If my pen could talk you would know that the start of high school was my reinvention period. I was tired of being separate people in school and home. I wanted to be myself in both places. School allowed me to grow and become confident with who I was and able to stand up for myself. I decided to forgive without any apologies. Sometimes, my family says that they appreciate me because I am strong willed; a compliment I will cherish forever. Finally my family recognized me for who I was and that is when I began to speak about what I had been through. I realized that I am a warrior. I am a writer. I am worthy.

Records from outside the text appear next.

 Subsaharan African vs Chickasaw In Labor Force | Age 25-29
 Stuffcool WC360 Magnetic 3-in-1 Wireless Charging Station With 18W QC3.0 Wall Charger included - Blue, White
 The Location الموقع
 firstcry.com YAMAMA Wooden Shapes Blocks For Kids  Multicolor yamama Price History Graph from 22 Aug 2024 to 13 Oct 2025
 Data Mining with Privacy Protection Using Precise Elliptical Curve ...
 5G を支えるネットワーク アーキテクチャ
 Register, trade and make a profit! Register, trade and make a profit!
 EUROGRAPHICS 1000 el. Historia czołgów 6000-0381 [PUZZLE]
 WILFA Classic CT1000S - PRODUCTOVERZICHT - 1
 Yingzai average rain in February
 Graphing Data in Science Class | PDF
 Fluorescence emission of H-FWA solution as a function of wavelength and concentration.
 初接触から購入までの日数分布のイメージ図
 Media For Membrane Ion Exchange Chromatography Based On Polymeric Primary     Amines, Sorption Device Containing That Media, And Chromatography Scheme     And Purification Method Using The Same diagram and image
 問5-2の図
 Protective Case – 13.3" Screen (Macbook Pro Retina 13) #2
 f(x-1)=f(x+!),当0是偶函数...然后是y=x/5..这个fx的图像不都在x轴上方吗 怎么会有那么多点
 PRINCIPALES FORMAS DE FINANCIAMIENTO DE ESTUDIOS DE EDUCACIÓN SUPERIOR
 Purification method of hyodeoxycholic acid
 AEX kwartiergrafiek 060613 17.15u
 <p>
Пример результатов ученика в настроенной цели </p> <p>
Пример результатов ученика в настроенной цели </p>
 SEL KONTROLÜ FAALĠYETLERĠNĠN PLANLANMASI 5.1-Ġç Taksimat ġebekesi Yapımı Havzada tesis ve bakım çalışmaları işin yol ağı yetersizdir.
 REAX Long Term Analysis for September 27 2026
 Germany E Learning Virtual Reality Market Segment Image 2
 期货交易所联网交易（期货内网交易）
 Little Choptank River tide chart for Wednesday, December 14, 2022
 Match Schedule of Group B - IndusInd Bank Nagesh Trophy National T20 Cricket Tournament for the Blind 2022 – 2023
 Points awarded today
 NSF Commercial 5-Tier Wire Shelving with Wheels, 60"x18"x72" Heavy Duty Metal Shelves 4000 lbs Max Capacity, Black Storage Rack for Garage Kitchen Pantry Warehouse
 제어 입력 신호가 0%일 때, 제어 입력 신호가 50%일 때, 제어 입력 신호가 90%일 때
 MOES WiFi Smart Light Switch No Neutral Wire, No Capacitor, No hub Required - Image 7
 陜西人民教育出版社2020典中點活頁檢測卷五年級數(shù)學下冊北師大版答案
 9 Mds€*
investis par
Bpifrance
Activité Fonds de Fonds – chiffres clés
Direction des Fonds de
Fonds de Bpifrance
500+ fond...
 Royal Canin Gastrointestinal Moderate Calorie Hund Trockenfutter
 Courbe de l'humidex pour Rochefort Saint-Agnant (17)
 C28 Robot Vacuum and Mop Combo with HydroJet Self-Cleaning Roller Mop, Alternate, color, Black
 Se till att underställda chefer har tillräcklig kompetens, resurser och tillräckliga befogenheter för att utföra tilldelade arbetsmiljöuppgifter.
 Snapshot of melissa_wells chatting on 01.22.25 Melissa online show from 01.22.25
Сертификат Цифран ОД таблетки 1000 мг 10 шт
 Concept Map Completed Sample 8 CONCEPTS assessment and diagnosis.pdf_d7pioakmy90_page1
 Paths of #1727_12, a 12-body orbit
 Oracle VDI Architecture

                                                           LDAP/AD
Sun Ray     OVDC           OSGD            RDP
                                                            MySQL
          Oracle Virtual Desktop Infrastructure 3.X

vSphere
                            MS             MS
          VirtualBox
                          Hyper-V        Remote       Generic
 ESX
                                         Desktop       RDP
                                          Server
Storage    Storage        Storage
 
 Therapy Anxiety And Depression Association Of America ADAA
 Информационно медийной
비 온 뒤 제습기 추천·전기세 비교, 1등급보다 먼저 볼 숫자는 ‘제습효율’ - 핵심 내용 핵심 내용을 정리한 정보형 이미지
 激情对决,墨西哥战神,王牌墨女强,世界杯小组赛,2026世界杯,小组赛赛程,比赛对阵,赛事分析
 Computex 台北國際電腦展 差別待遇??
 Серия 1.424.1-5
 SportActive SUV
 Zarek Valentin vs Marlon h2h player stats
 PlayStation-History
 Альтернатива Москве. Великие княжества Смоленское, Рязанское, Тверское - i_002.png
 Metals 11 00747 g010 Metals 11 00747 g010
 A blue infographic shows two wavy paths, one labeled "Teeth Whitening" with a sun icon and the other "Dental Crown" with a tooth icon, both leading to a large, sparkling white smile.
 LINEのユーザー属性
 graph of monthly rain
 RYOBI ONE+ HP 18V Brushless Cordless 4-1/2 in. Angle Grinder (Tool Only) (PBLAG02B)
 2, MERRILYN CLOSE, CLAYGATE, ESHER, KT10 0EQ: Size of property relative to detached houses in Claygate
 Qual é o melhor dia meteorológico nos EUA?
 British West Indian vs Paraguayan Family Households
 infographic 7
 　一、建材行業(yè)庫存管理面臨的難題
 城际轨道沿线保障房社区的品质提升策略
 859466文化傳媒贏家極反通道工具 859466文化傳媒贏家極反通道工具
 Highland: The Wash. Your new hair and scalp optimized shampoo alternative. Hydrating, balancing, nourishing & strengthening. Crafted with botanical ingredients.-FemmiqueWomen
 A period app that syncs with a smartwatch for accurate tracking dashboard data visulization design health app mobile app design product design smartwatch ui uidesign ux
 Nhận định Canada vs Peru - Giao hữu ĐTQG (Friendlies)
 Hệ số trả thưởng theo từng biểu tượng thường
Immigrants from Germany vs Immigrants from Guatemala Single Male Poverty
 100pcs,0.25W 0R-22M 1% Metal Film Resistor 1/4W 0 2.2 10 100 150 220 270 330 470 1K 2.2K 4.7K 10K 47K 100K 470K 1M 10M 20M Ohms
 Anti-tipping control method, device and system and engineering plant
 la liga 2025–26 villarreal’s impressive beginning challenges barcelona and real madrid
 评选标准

If my pen could talk you would know that I was pushed down so many times and brought myself right back up. Today I know my value and no one could take that away from me. There would be no one to oppress me and my ideologies. There would be no one to talk to me in a disrespectful manner because I respect myself too much. I will not be belittled. Not anymore.
I am a Dominican American defined by independence and determination.
If my pen could talk you would know that it is hard to believe and love yourself when your own family does not. Even today, I am excellent in school. I have not heard an “I am proud of you,” from my parents but today I do not need it. I no longer need people to approve what I do because my approval is enough. I am appreciative of the conflicts I went through. It has taught me to be accepting. Today I accept other ideologies, their culture, and the way they act. I accept the differences of the world. I accept that a house will never be a home.
If my pen could talk you would know that today I know where home is. I know that as long as I write, I will be home.
I see the picture
There on the wall
Painted in black and white
With a girl who stands by her family
No matter what
Let me give you a clean white paper
Why don’t you pick up the paintbrush
Use blue for my arms
Because of my freedom to write
Use purple for my head
For the peace I want to find
Use red for my feet
For all the struggle I have been through
Filled with scars to resemble strength
And paint my hair
For the bright things I aspire
As for my heart and my vagina
Paint it black
Not for darkness or damage
but for the rare opportunities that others get to see it
Paint me alone
Because I am my own person
Paint me colorful
I am everything in one
Paint who I am, the real won
I am not just black and white
Every time I come to write I seem to forget what it is I want to say. I seem to get wrapped into too many thoughts to be concious of anything. But somehow I still manage to get some where.
As of now, even with this writing piece, I do not feel good enough. I have not in a while. It seems like everything that could go wrong is going wrong. It could be that I am focusing on the negatives. I just know that I am hurting.
I do not yet fully understand it and so neither will you. It kind of like a blank space in my heart with so many people to love and a million reasons why. I question everything. Like now. I think some things are left better in my head. Lately when I go to write I stay stuck.
And so call me glue. Just sticking other objects together, Have you ever tried sticking glue to glue? Impossible isnt it? Yup. And that is because it is only good enough for others but never good enough for itself.